The Principle of Patience presents a short but weighty treatise by Ibn Taymiyyah on sabr, one of the central moral and spiritual disciplines of Islam. The work approaches patience not as an isolated virtue, but as a foundation upon which religious life depends. For Ibn Taymiyyah, patience belongs to obedience, restraint, hardship, forgiveness, and the believer’s response to divine decree.
The treatise opens from the broad Islamic principle that the believer’s affair is always good: gratitude is required when blessings are given, and patience is required when hardship occurs. From this starting point, Ibn Taymiyyah explains that religion returns, in a profound sense, to patience and gratitude. Patience is required in performing acts of obedience, in refraining from sin, and in bearing afflictions that come without one’s choice. These distinctions give the work its structure and practical force.
A major part of the treatise concerns harm caused by other people. Ibn Taymiyyah recognises that this form of trial is especially difficult because it touches the self, wealth, honour, and the instinct to retaliate. He does not dismiss the pain of injustice, nor does he reduce patience to passivity. Instead, he examines the inner calculations of the soul: anger, revenge, humiliation, self-blame, repentance, pardon, and the hope of reward from Allah.
The work is particularly striking in its treatment of forgiveness. Ibn Taymiyyah argues that pardoning others can become a cause of honour, freedom of heart, divine forgiveness, and moral strength. Retaliation, by contrast, can consume time, divide the heart, increase enmity, and lead a person beyond the limits of justice. The treatise therefore speaks not only to private spirituality, but also to the ethics of conflict, injury, and self-command.

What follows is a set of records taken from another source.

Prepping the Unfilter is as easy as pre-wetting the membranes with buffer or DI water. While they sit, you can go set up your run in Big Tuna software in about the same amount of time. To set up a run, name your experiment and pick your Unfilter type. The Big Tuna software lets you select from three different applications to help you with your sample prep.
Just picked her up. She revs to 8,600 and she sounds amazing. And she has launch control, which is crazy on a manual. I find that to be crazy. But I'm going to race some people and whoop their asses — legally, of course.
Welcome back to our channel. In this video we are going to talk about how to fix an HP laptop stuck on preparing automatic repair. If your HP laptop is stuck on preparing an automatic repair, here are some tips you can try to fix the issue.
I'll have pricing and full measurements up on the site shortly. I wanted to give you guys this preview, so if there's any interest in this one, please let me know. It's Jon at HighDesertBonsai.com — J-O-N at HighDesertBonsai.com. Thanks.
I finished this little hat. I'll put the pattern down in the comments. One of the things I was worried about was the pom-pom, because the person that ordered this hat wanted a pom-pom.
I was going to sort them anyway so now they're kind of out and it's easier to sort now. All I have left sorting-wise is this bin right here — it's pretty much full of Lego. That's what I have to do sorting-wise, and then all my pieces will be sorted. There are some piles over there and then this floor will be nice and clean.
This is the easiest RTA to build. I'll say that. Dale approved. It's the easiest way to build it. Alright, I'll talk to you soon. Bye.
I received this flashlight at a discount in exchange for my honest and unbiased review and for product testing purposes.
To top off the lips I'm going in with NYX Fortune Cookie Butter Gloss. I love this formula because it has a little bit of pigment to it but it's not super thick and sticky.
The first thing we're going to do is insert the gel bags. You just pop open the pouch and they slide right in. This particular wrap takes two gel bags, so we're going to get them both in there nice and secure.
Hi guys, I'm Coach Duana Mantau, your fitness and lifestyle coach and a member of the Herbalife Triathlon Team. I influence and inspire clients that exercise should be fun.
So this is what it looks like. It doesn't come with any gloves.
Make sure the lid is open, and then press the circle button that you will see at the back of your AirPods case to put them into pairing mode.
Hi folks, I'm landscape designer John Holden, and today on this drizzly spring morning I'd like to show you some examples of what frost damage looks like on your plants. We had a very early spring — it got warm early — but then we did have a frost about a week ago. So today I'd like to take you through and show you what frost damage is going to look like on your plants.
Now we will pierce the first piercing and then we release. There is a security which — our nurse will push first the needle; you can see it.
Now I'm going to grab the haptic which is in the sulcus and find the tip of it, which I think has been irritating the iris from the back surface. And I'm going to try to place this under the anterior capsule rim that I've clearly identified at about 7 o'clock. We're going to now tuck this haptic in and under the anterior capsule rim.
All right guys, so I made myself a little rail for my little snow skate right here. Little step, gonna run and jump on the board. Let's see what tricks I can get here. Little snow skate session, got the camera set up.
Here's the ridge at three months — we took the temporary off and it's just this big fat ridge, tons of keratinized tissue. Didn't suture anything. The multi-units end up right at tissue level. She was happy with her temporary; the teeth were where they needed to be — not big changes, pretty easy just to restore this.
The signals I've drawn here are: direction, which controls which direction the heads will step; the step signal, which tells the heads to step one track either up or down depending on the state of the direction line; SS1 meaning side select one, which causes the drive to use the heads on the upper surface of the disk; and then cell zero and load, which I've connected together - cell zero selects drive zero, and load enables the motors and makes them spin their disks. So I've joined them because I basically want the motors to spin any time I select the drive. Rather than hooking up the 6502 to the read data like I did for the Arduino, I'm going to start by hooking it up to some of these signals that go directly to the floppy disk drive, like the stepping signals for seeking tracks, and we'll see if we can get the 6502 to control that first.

The translator’s preface adds an important biographical frame. Ibn Taymiyyah’s words on patience are read against the background of his own imprisonments, public opposition, and refusal to take revenge when power shifted in his favour. This gives the treatise a particular seriousness. It is not a theoretical discussion by a detached moralist; it is a text whose themes were tested in the author’s life.
This edition will benefit readers interested in Islamic spirituality, tazkiyah, classical ethical writing, and the writings of Ibn Taymiyyah. It is also suitable for Islamic study circles and library collections seeking short primary texts that combine doctrinal clarity with practical moral instruction.